- **Assignment**
Nothing but the lines from the one containing "Sea defense: People" through the last line of the records belongs in the answer, copied exactly and with the pictures left out.

Study material Start Marker

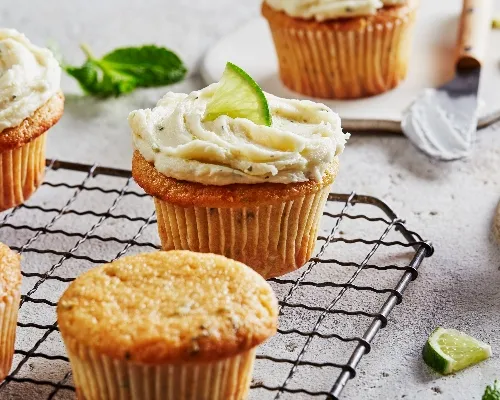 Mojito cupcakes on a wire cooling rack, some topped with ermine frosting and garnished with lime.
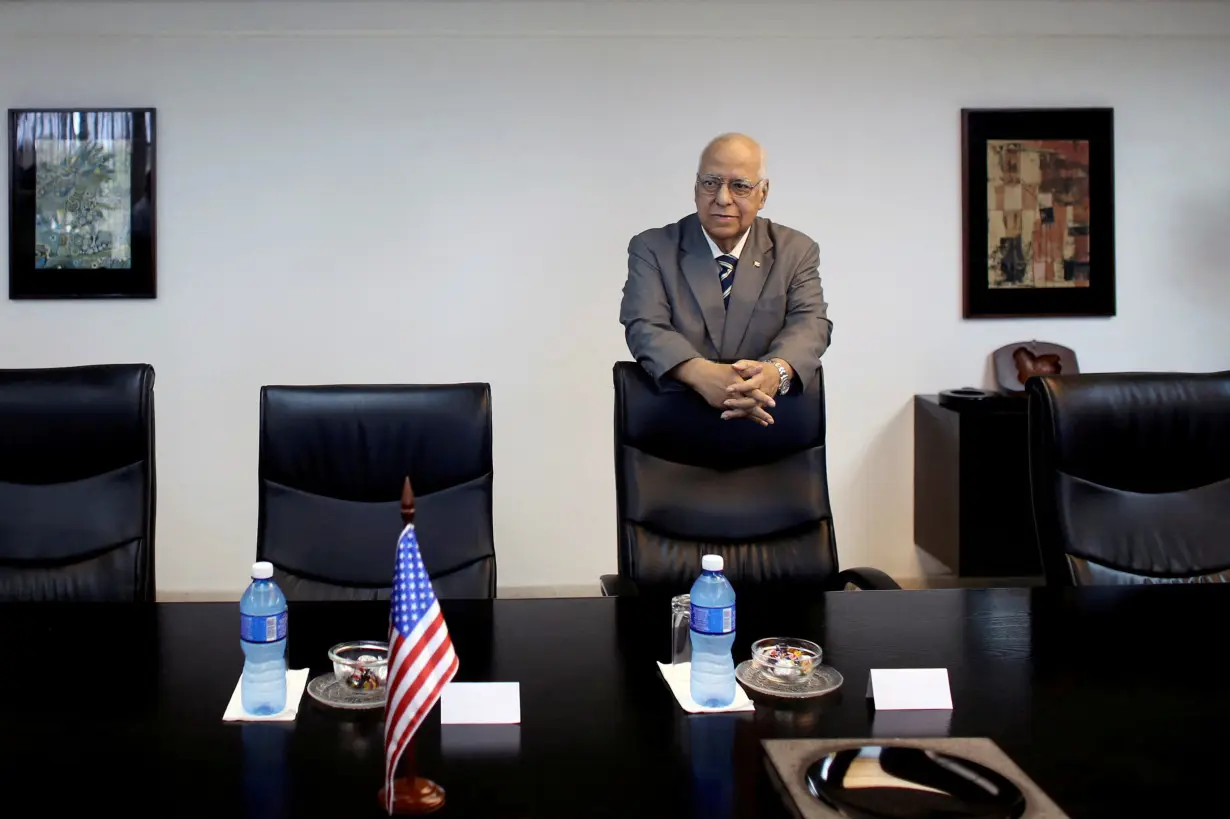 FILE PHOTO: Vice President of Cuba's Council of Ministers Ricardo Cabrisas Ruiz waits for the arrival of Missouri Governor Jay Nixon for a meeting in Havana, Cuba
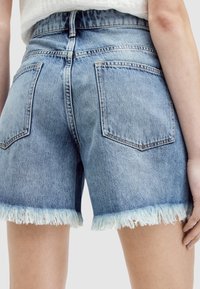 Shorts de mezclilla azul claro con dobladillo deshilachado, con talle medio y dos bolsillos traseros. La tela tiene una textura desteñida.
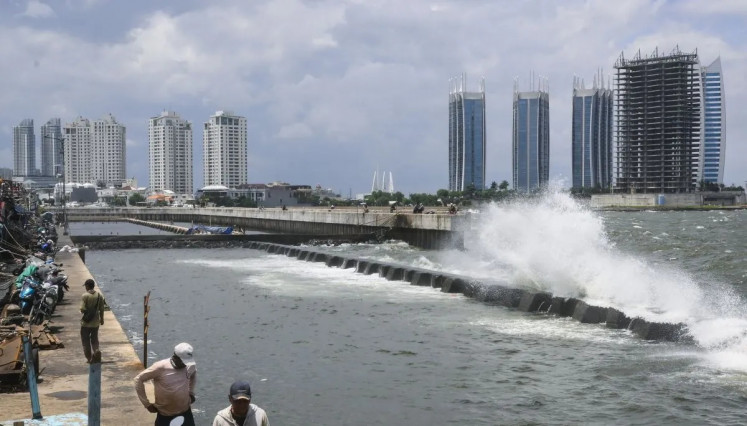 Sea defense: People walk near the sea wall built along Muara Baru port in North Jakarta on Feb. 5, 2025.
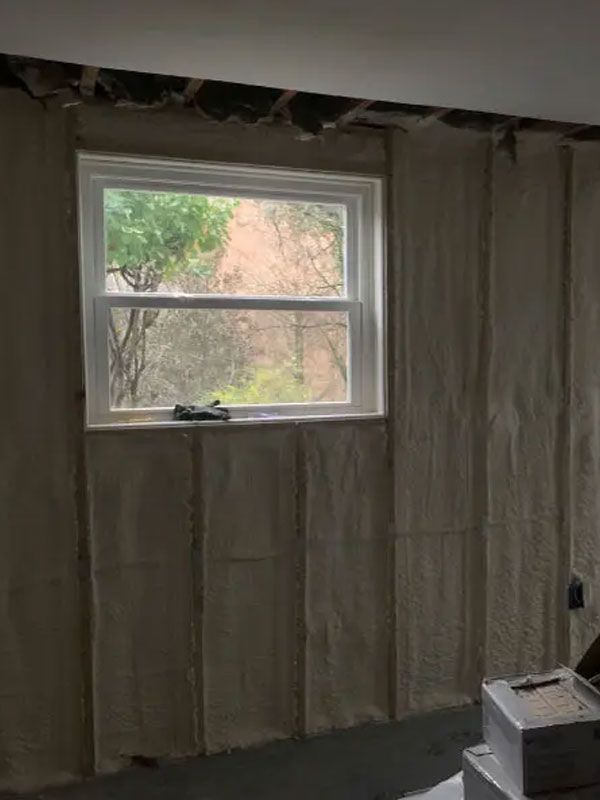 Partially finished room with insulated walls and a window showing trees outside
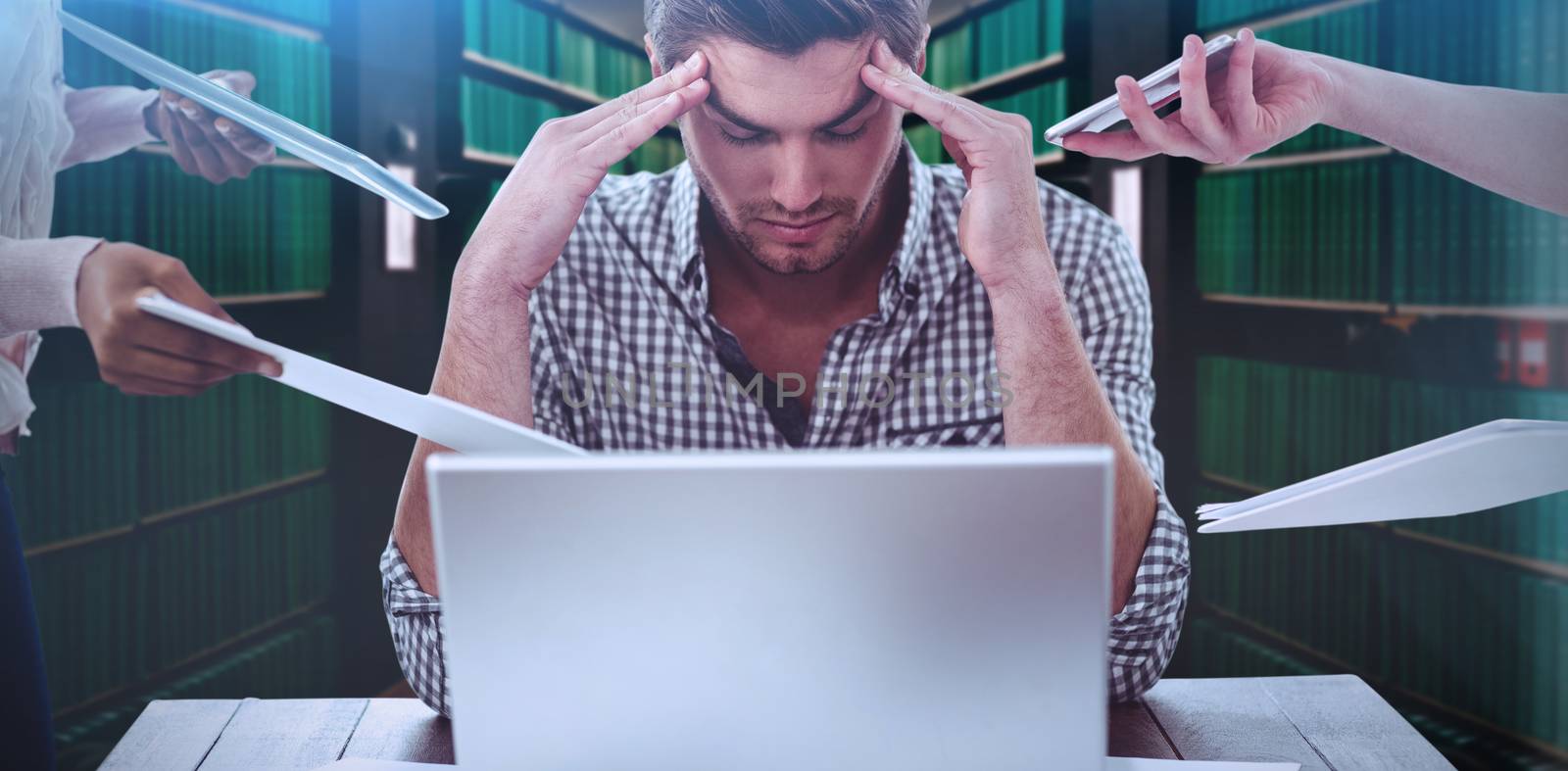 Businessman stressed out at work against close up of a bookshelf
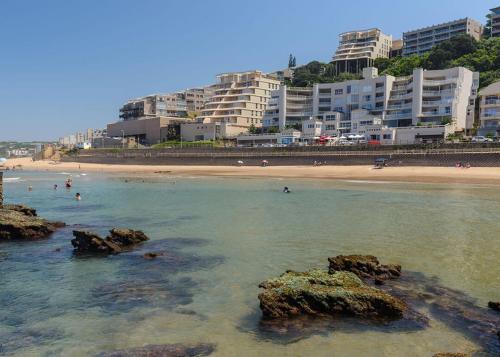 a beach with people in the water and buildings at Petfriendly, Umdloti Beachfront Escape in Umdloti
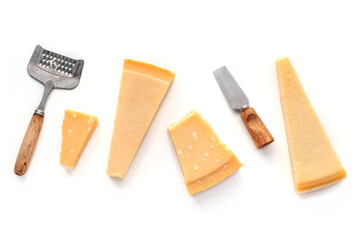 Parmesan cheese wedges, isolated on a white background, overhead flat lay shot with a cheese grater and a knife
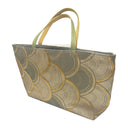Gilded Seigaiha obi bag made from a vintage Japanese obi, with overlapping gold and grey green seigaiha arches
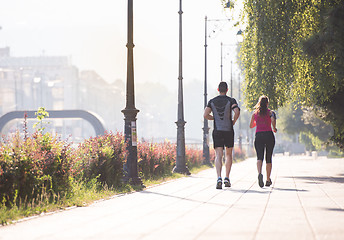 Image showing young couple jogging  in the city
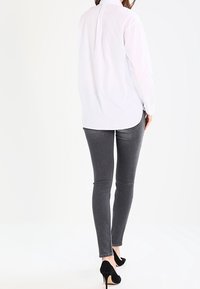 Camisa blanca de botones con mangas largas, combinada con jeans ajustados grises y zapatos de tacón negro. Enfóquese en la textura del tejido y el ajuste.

Study material End Marker

- **Solved exercise**
 Sea defense: People walk near the sea wall built along Muara Baru port in North Jakarta on Feb. 5, 2025.
 Partially finished room with insulated walls and a window showing trees outside
 Businessman stressed out at work against close up of a bookshelf
 a beach with people in the water and buildings at Petfriendly, Umdloti Beachfront Escape in Umdloti
 Parmesan cheese wedges, isolated on a white background, overhead flat lay shot with a cheese grater and a knife
Gilded Seigaiha obi bag made from a vintage Japanese obi, with overlapping gold and grey green seigaiha arches
 Image showing young couple jogging  in the city
 Camisa blanca de botones con mangas largas, combinada con jeans ajustados grises y zapatos de tacón negro. Enfóquese en la textura del tejido y el ajuste.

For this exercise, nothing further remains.